1. Field of the Invention

The present invention relates to a cable, in more particular, to a cable in which a shield is provided around an electric wire.

2. Related Art

Conventionally, a cable comprising an insulated wire comprising a center conductor and an insulation for covering the center conductor, a shield layer provided at an outer periphery of the insulated wire, in which the shield layer is formed by braiding collected wires, each of the collected wires is composed of a plurality of shield wires arranged in parallel, and a friction coefficient of two shield wires provided at both sides of the collected wire is smaller than a friction coefficient of other shield wires has been known. Japanese Patent Laid-Open No. 2006-031954 (JP-A 2006-031954) discloses an example of such a conventional cable.

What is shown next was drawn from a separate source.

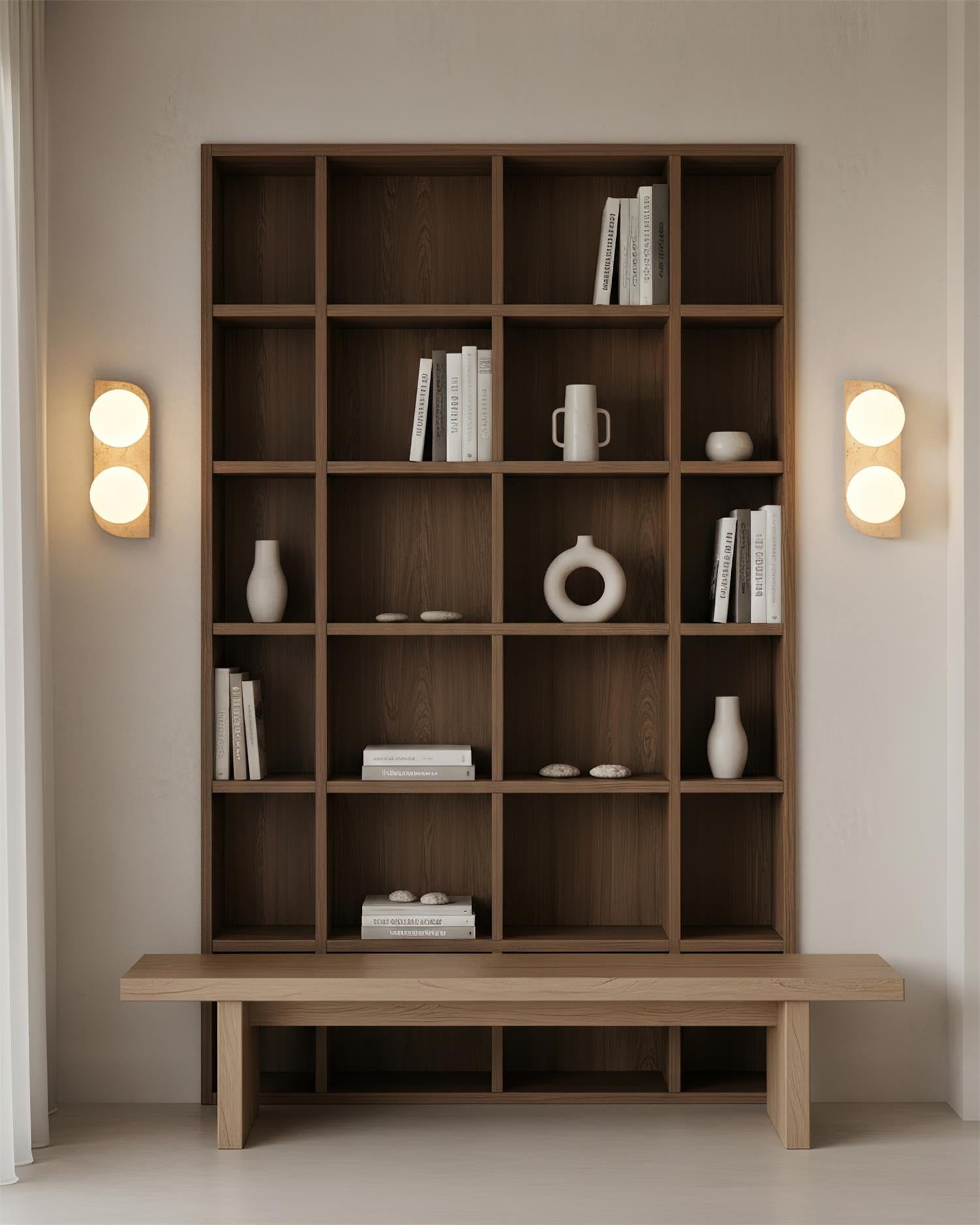 Casa Lumière Wandlamp Travertine Natuursteen - Ronde Design Lamp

In the cable disclosed by JP-A 2006-031954, the friction coefficient of the shield wires provided at the both sides of the collected wire is smaller than the friction coefficient of the other shield wires. Therefore, when flexural motion is applied repeatedly to the cable in an operating environment, friction between the shield wires can be reduced, so that it is possible to provide a cable having a high flex resistance property.

However, there are following disadvantages in the conventional cable as disclosed by JP-A 2006-031954. For example, when being disposed between a body of a vehicle and a part beneath a spring of the vehicle (a lower part with respect to a suspension spring), the shield wires composing the shield layer may be broken or disconnected because of flexion (bending) due to up-and-down movement (bound and rebound) of wheels and a torsion applied at the time of steering of the wheels. Therefore, the conventional cable may be inferior in the flex resistance property, tensile strength and reliability.

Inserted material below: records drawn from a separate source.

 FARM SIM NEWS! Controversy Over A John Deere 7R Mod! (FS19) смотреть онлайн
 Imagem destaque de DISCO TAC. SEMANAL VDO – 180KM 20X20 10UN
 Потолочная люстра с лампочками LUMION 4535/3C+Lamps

Accordingly, an object of the present invention is to provide a cable which is excellent in the flex resistance property, tensile strength and reliability.

According to a feature of the invention, a cable comprises:

a core comprising an insulated wire, the insulated wire comprising a wire conductor and an insulating layer covering an outer periphery of the wire conductor;

a shield layer provided at an outer periphery of the core, the shield layer comprising a tinsel-copper comprising a core string and a copper foil provided around the core string;

a reinforcing layer provided at an outer periphery of the shield layer, the reinforcing layer comprising a braid of a fiber, and

a sheath provided at an outer periphery of the reinforcing layer.

In the cable, the shield layer may comprise a braid of the tinsel copper.

In the cable, the shield layer may comprise the tinsel copper spirally wound on the outer periphery of the core.

In the cable, the tinsel copper may further comprise a plating film on a surface of the tinsel copper.

In the cable, the fiber may comprise at least one material selected from a group comprising polyvinyl alcohol, polyethylene terephthalate, and polyethylene-2,6-naphthalate.

In the cable, the sheath may comprise a rubber material including an ethylene-α-olefin-polyene copolymer comprising a polyene that is a norbornene compound containing a vinyl group at terminal, and a SiH radical-containing compound comprising a plurality of SiH radicals in one molecular.

In the cable, the sheath may comprise a rubber material comprising at least one material selected from a group comprising ethylene-propylene-diene rubber, styrene-butadiene rubber, butyl rubber, nitrile rubber, and chloroprene rubber.

According to the cable of the present invention, it is possible to provide a cable which is excellent in the flex resistance property, tensile strength and reliability.

Next, the preferred embodiment according to the invention will be explained in conjunction with appended drawings, wherein:

FIG. 1A is a perspective view of a cable in a preferred embodiment according to the invention, and FIG. 1B is a lateral cross sectional view along A-A of the cable shown in FIG. 1A;

FIG. 2A is a perspective view of a cable in an Example according to the invention, and FIG. 2B is a lateral cross sectional view along B-B of the cable shown in FIG. 2A;

FIG. 3A is a perspective view of a cable in a Comparative example 1, and FIG. 3B is a lateral cross sectional view along C-C of the cable shown in FIG. 3A;

FIG. 4A is a perspective view of a cable in a Comparative example 2, and FIG. 4B is a lateral cross sectional view along D-D of the cable shown in FIG. 4A; and

FIG. 5A is a perspective view of a cable in a Comparative example 3, and FIG. 5B is a lateral cross sectional view along E-E of the cable shown in FIG. 5A.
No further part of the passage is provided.